Lider Alternatywy dla Niemiec uważa, że kraj powinien rozważyć opuszczenie NATO i UE. "Der Spiegel" pisał, że AfD ma powiązania z Putinem
Niemcy mogą opuścić NATO czy Unię Europejską? Brzmi to całkowicie absurdalnie, ale wbrew pozorom nie jest już zupełnie nierealne. Bo partia, która jest obecnie drugą siłą polityczną w kraju, a w 2017 roku dostała się do Bundestagu, zaczyna coś takiego proponować wprost. Chodzi o AfD, czyli prawicowe ugrupowanie Alternatywa dla Niemiec, które zdobyło popularność po wielkiej fali migracji. Eurosceptyczne ugrupowanie, krytykujące politykę "otwartych drzwi" Angeli Merkel, trafiło na podatny grunt ze swoimi hasłami. Niestety, niektóre wypowiedzi polityków tej partii mogą delikatnie mówiąc niepokoić. Bywało nawet, że ktoś z członków AfD wychwalał Wehrmacht albo udostępniał na Facebooku linki do tekstów o tym, że to Polska jest winna II wojnie światowej. „Adolf, proszę wróć! Niemcy potrzebują Cię!” - pisała nawet niejaka Elena Roon w mediach społecznościowych. A "Der Spiegel" w tym roku opublikował tekst, w którym wprost oskarża Alternatywę dla Niemiec o powiązania z Putinem. Dziennikarze twierdzą, że niektóre elementy partyjnego programu AdF wręcz powstały na Kremlu.
"Wspólnota obronna musi akceptować i szanować interesy wszystkich krajów europejskich, także interesy Rosji"
Najnowsze wystąpienie jednego z ważnych członków AfD wywołało wiele komentarzy. Współprzewodniczący Alternatywy dla Niemiec (AfD) Tino Chrupalla w wywiadzie dla „Die Welt” powiedział, że Niemcy powinny poważnie rozważyć, czy członkostwo w NATO i w Unii Europejskiej jest dla nich korzystne. „Chcemy istotnie wzmocnić interesy Europejczyków. Dotychczas Europa była zmuszona realizować interesy amerykańskie. My to odrzucamy. NATO nie jest obecnie sojuszem obronnym.

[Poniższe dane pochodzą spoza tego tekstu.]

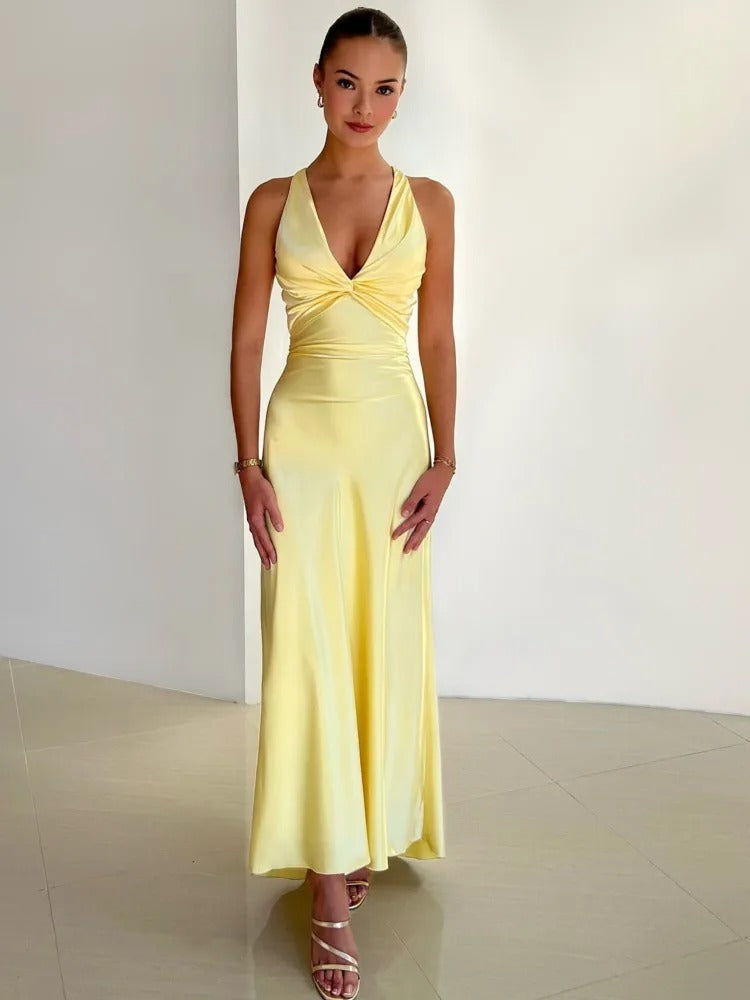 Kaela - Ärmelloses Maxikleid mit V-Ausschnitt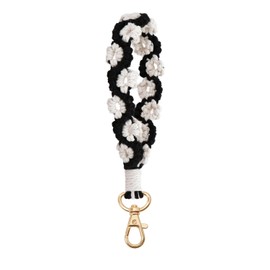 Women's Two-tone Macrame Keychain Boho Handmade Weave Wristlet Bracelet Keychain Flower Wrist Lanyard Holder (Black and white, One size)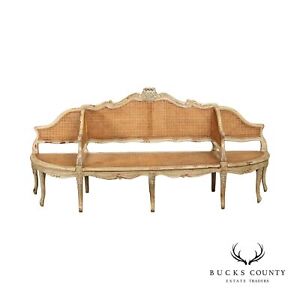 French Louis Xv Style Quality Antique Reproduction En Confident Caned Sofa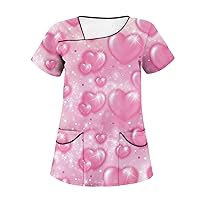 Valentines Day Shirts Women Short Sleeve with Pockets Shirts Tops Love Valentine Blouses for Women Fashion 2024 TD20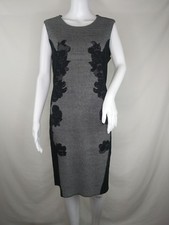 Katherine Barclay Dress Large sweater sleeveless stretch black gray shift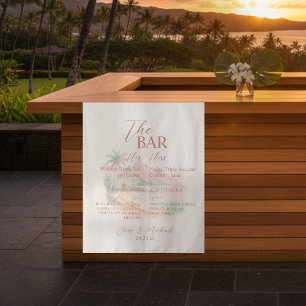 Bar Tropical y Tapiz de Isla de Acuarela de Bebida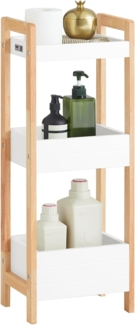 Badregal Standregal Küchenregal mit 3 Ablagefächern, FRG226-WN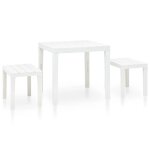 Prolenta premium - table de jardin avec 2 bancs plastique blanc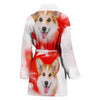 Pembroke Welsh Corgi Print Women's Bath Robe-Free Shipping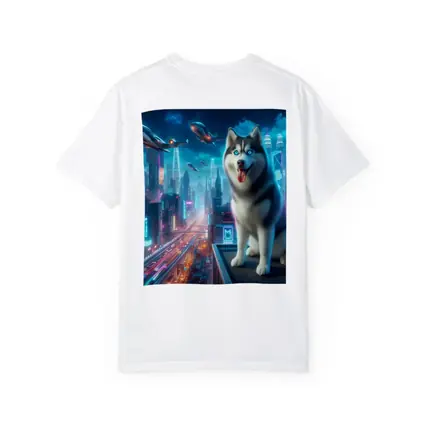 Siberian Husky Cyberpunk Neon City Night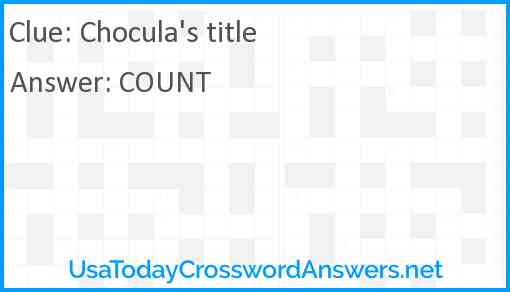 Chocula's title Answer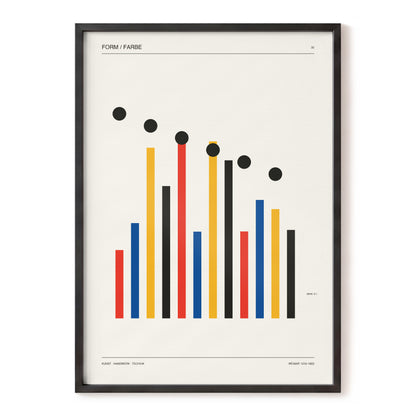 Descending Rhythm, beige, black, gold abstract wall art, front artwork view
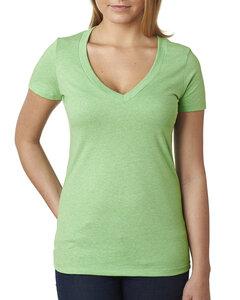 Next Level Apparel 6640 - Ladies CVC Deep V-Neck T-Shirt Apple Green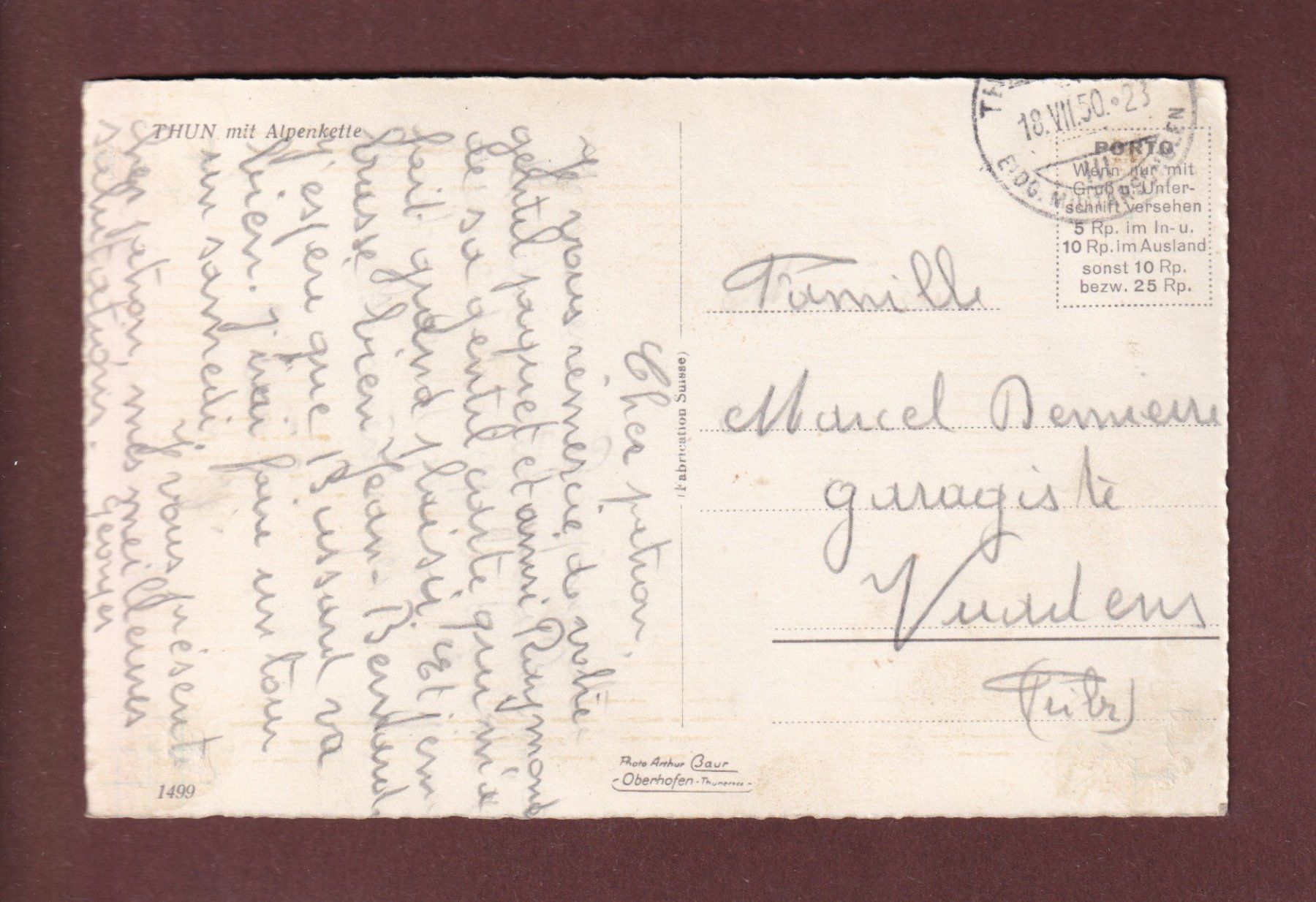 Cartoline postali: THUN - Teil mit Kirche - 1950 – Usato da Pully venduto da nicecards-shop 1
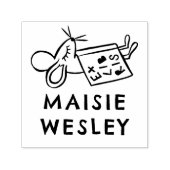 Tampon Auto-encreur Cute Mouse Main Dessinée Nom Personnalisé Ex Libri (Design)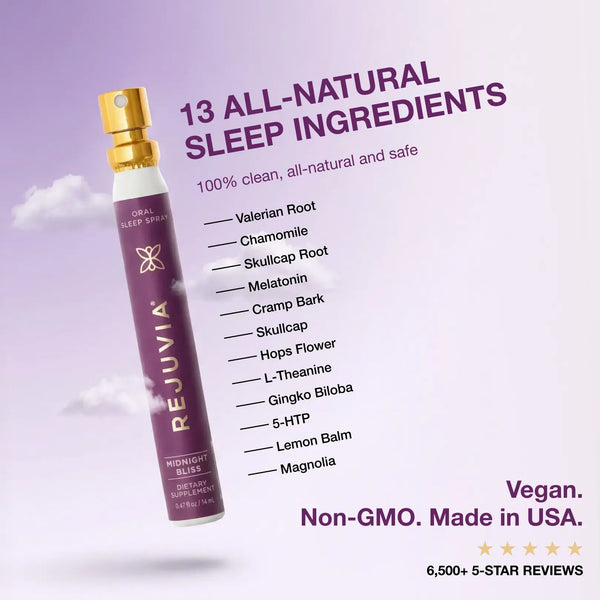 Rejuvia sleep spray with list of ingredients on a purple background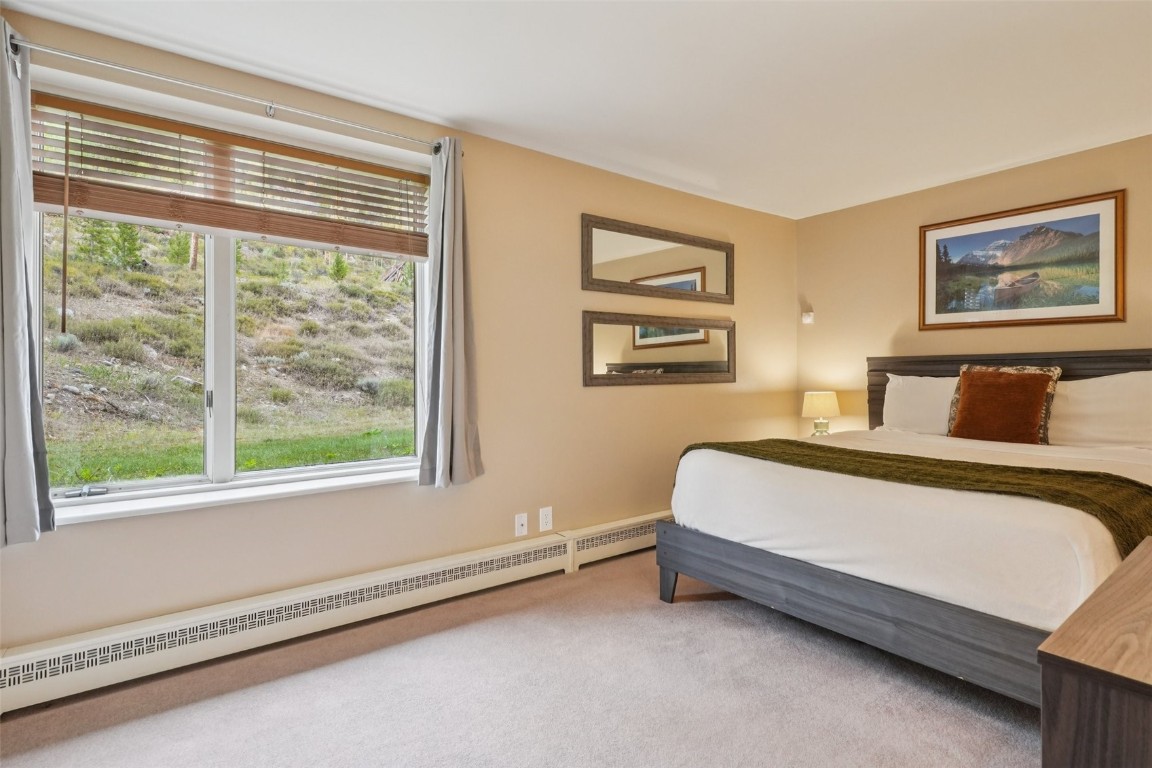 22097 Saints John Road, Unit 2506 Keystone, CO 80435 - Photo 16 of 47 Bedroom with a baseboard heating unit and light colored carpet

Wspólnota obronna musi akceptować i szanować interesy wszystkich krajów europejskich, także interesy Rosji. Jeżeli NATO nie może tego zapewnić, to Niemcy muszą się zastanowić, na ile ten sojusz jest jeszcze korzystny” - stwierdził polityk.
Wystąpienie z Unii proponowane przez AfD. UE miałaby być zastąpiona „wspólnotą gospodarczą i interesów”
Pytany o wystąpienie Niemiec z Unii, czyli pomysł, który znalazł się w programie wyborczym AfD, Chrupalla powiedział, że to „postulat maksymalny”, a w projekcie jest też mowa o zastąpieniu UE w obecnym kształcie „wspólnotą gospodarczą i interesów”. Szkoda, że trudno znaleźć siłę polityczną, która głosiłaby ten ostatni postulat, a jednocześnie nie miałaby powiązań z Putinem ani ekstremalnych, kompromitujących wystąpień. Czy AfD ma szansę zrealizować swoje plany? Nie jutro ani pojutrze, ale to nie jest nieprawdopodobne. Według sondaży poparcie dla tej partii w Niemczech wynosi 17-20 proc., a CDU/CSU popiera 30-34 proc. obywateli.